NE KADAR DOĞRU DAVRANIYORUZ!

NE KADAR DOĞRU DAVRANIYORUZ!

**İbrahim ELİBAL-UZM.PSİKOLOJİK DANIŞMAN**

Toplumun kendisiyle barışık olmasının yolu, toplumu oluşturan unsurlar arasındaki sağlıklı iletişimdir. Bu unsurların en iyi şekilde birbirlerini tanıması birlikte yaşamayı sağlayacaktır.

Toplumu oluşturan unsurlardan biri de özürlülerdir. Her özürlünün kendine göre sorunları vardır. Her özür gurubunun yaşadığı sıkıntı diğerinden farklıdır. Görmeyen duymayanın sorununu bilmez, duymayan yürüyemeyenin sorununu bilmez. Toplum doğru bilgilendirilmemişse hiç birinin sorununu bilmez.

Bu yazımızda görme özürlülere yönelik nasıl davranılması gerektiği konusunda dilimiz döndüğü kadarıyla yer vermeye çalışacağız.

Görme özürlü ile karşılaştığınızda bocalayıp, ne yapacağınızı bilemez bir duruma düşmeyin. Aşağıdaki hususları hatırlamanız hem görmeyen hem de sizin için yararlı olacaktır:

Görme özürlü kişi sıradan bir insandır. Sadece görmemek gibi bir engeli var. Bazı kişiler görme özürlü ile konuşurken sesini yükseltir. Unutmayın o sadece görememektedir.

Bazı kişiler görme engelli biri ile karşılaştığında ya da bir ortamda bulunduğunda çocukmuş gibi ya da farklı bir duygusal ses tonuyla davranmakta. Böyle davranmanıza gerçekten gerek yok. Görme özürlünün ne istediğini yanındaki kişiye sormayın.

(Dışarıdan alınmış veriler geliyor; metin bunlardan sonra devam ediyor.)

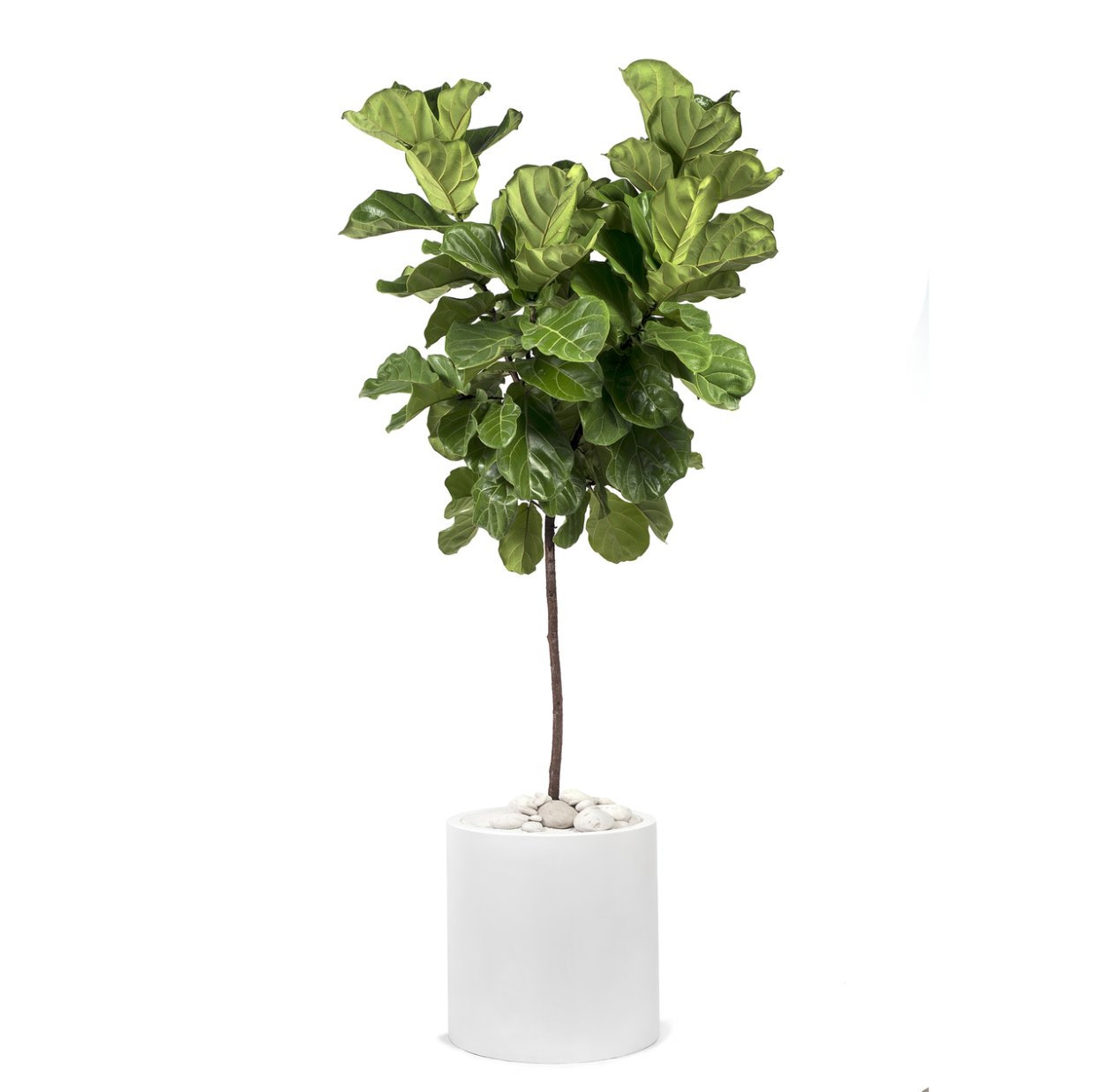 Фикус лирата Treez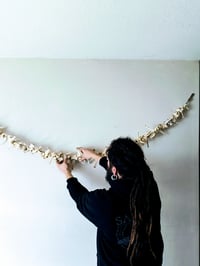 Image 1 of Vertebrae Garland   (10' feet)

Kendisine duyabileceği bir sesle adını söyleyerek doğrudan sorun.

Görme özürlü bağımsız bir şekilde yürümek için uzun bir beyaz baston kullanmaktadır. Bazı ülkelerde ise görmeyenler özel olarak eğitilmiş rehber köpek kullanmaktadır. Bu durumlar söz konusu olmadığında da bir kişinin koluna girerek yürüyebilir.
Bir görmeyene yardımcı olmak istiyorsanız bu düşüncenizi ona uygun bir dille açıklayın. Bunu yaparken normal bir kişiye hitap eder gibi yapın. Eğer yardım talebiniz kabul edilmemişse buna üzülmeyin. Yardım talabiniz olumlu olarak karşılandığında da nasıl yürüyeceği konusunda kararı ona bırakın. Görme engelli baston kullanarak sizinle yürümek isteyebilir ya da kolunuza girmek isteyebilir. Lütfen bu kararına itiraz etmeyin. Birlikte yürürken siz onun koluna değil, görme özürlü sizin kolunuza girsin. Yükselti ve çukurları önceden sezebilmesi için sizden bir adım geride yürümesi gerekir.

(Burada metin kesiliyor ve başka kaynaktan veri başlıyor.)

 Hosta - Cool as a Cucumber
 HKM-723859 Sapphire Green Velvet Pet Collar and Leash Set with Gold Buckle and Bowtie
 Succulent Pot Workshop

Görme engellinin bulunduğu odada onunla birlikte kimin bulunduğunu bilmek ister. Lütfen odaya girdiğinizde konuşun, kendinizi tanıtın. Görme özürlüyü, tanımadığı diğer kişilerle tanıştırın. (çocuklar dahil). Eğer çevresinde kedi ya da köpek varsa, ona söyleyin.

Gören kişilerin normal zamanda pek dikkat etmediği konular görme özürlü için sorun oluşturabilir. Bir arabanın, odanın pencere veya kapısının yarım açık olması görme özürlünün yaralanmasına neden olabilir.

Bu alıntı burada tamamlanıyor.